German researchers test conversion of CO2 from air into solid carbon in 'world first'

Clean Energy Wire

German researchers are trying to convert CO2 from ambient air into solid carbon in a bid to establish technologies that can help achieving a climate neutral economy. Scientists at the Karlsruhe Institute of Technology (KIT) are building a container-sized test facility to turn the greenhouse gas into a material called carbon black for "the first time worldwide," according to a press release. Carbon black is a highly pure carbon powder that can be used as a resource in many industries including electronics, printing and construction.

According to the release, the process steps have already been studied and developed up to laboratory scale by researchers, but they have so far never been realized together in an integrated facility.

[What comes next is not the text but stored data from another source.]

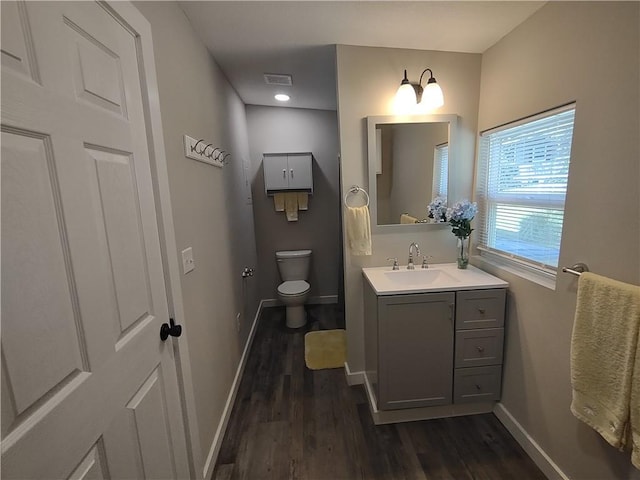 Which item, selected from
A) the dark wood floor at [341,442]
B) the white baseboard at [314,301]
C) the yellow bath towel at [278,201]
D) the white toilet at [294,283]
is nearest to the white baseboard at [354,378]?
the dark wood floor at [341,442]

The major advantage over previously proposed concepts to reduce atmospheric CO2, such as carbon capture and storage methods (CCS), consists in this end product which "is far less difficult to handle than CO2 and can even be used as a resource," said research coordinator Benjamin Dietrich. In the realisation of the project, KIT cooperates with its own spin-off INERATEC GmbH and Climeworks, a spinoff of technical university ETH Zurich.

To reach the goal of the Paris Climate Agreement to limit global warming to below two degrees, global efforts to reduce greenhouse gas emissions will have to be complemented by solutions for removing already emitted CO2 from the air on a massive scale, a process referred to as "negative emissions," according to most scenarios.